Niente è in grado di soddisfarci, perché quello che cerchiamo in tutto quanto ci piace, nei piaceri, è un infinito. È questo che ci consente di capire la nostra delusione. Infatti l’esperienza stessa della delusione mette in evidenza di che cosa è fatto il nostro cuore. Se non avessi un desiderio senza confine, non avrei nemmeno l’esperienza della delusione. Questa attesa allora non ha misura, ha una natura infinita. Il cuore è proprio fatto per desiderare l’infinito, non per pretendere un guadagno calcolato. Ma non basterebbe desiderare l’infinito se l’infinito non mi venisse incontro, se non potessi abbracciarlo. La grande rivoluzione religiosa e umana del cristianesimo e che, appunto, l’infinito ci è venuto incontro e si è lasciato abbracciare. La vera natura dell’attesa è allora la venuta di un Altro, l’avvenimento di un Altro. Non attendiamo qualcosa, ma Qualcuno. Con la venuta di Cristo, il desiderio del cuore si è riscoperto essere attesa di Qualcuno, di Qualcuno che è venuto, è qui, mi guarda e mi parla, mi abbraccia e mi prende per mano, donandomi di vivere con lui.
La promessa di Cristo allora non è soltanto una realtà attesa, ma una vera Presenza. È con questa Presenza davanti a me che, adesso, posso guardare senza paura tutta la portata della mia attesa, dei miei desideri più profondi. Nella compagnia di questa Presenza posso vivere.

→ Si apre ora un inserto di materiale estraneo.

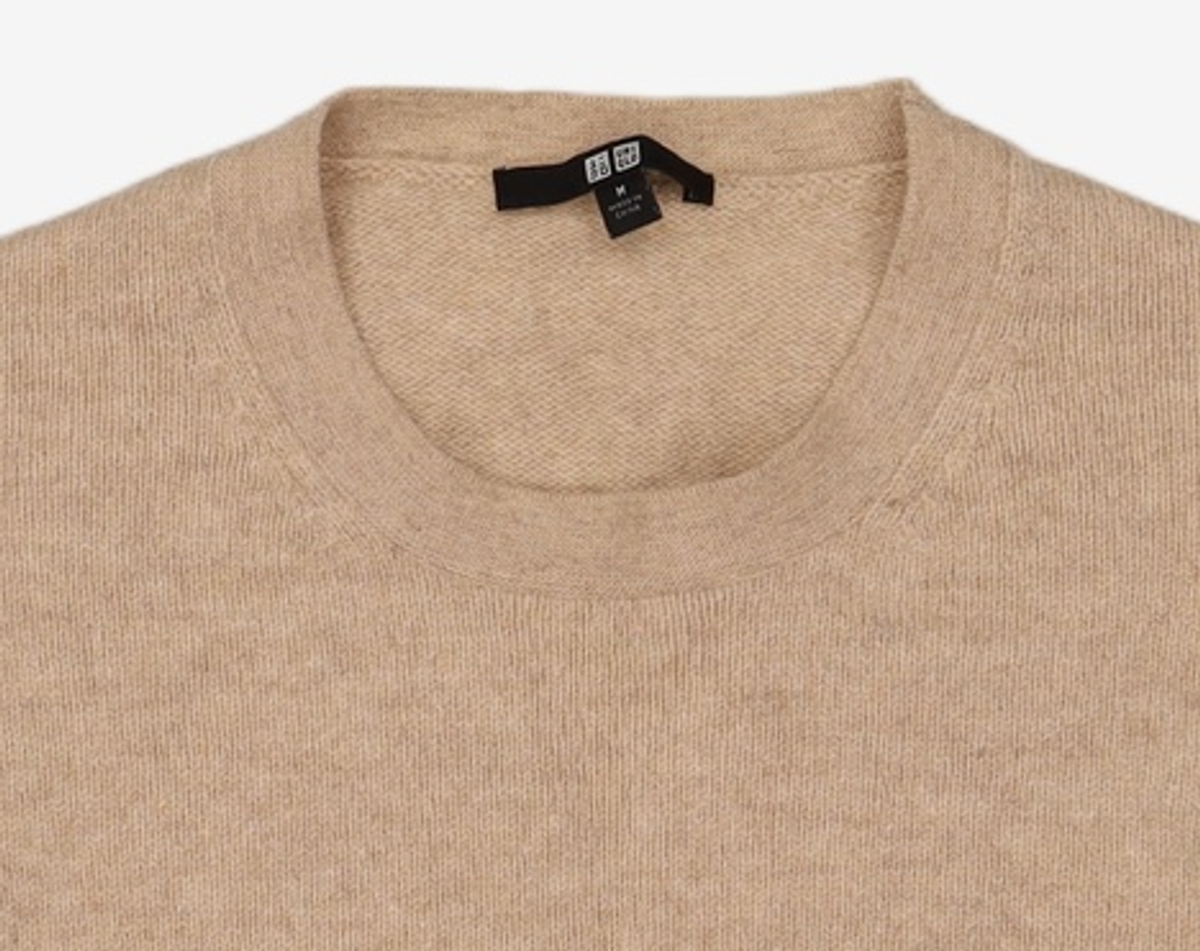유니클로(UNIQLO) 니트/스웨터 M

La modalità con cui questo Mistero continua nella storia ha la forma di un incontro nel quale a noi, che viviamo oltre 2000 anni dopo l’evento descritto dall’evangelista Luca, è dato di fare la stessa esperienza e perciò essere attratti e coinvolti. E avviene sempre attraverso qualcuno che con la sua vita ci rende riconoscibile la Presenza di Gesù, oggi come allora. Nella lettera apostolica “Desiderio Desideravi” papa Francesco osserva: “Se fossimo giunti a Gerusalemme dopo la Pentecoste e avessimo sentito il desiderio non solo di avere informazioni su Gesù di Nazareth, ma di poterlo ancora incontrare, non avremmo avuto altra possibilità se non quella di cercare i suoi per ascoltare le sue parole e vedere i suoi gesti, più vivi che mai. Non avremmo avuto altra possibilità di un incontro vero con Lui se non quella della comunità che celebra. Per questo la Chiesa ha sempre custodito come il suo più prezioso tesoro il mandato del Signore: “fate questo in memoria di me”. Fin da subito la Chiesa ha compreso, illuminata dallo Spirito Santo, che ciò che era visibile di Gesù, ciò che si poteva vedere con gli occhi e toccare con le mani, le sue parole e i suoi gesti, la concretezza del Verbo incarnato, tutto di Lui era passato nella celebrazione dei sacramenti. Qui sta tutta la potente bellezza della Liturgia. Se la Risurrezione fosse per noi un concetto, un’idea, un pensiero; se il Risorto fosse per noi il ricordo del ricordo di altri, per quanto autorevoli come gli Apostoli, se non venisse data anche a noi la possibilità di un incontro vero con Lui, sarebbe come dichiarare esaurita la novità del Verbo fatto carne. Invece, l’incarnazione oltre ad essere l’unico evento nuovo che la storia conosca, è anche il metodo che la Santissima Trinità ha scelto per aprire a noi la via della comunione. La fede cristiana o è incontro con Lui vivo o non è”.
Per questo l’augurio che ci scambiamo in questi giorni è la testimonianza vicendevole di un incontro vivo con Colui che è tra noi, venuto a salvarci, un bambino da accogliere: Buon Natale.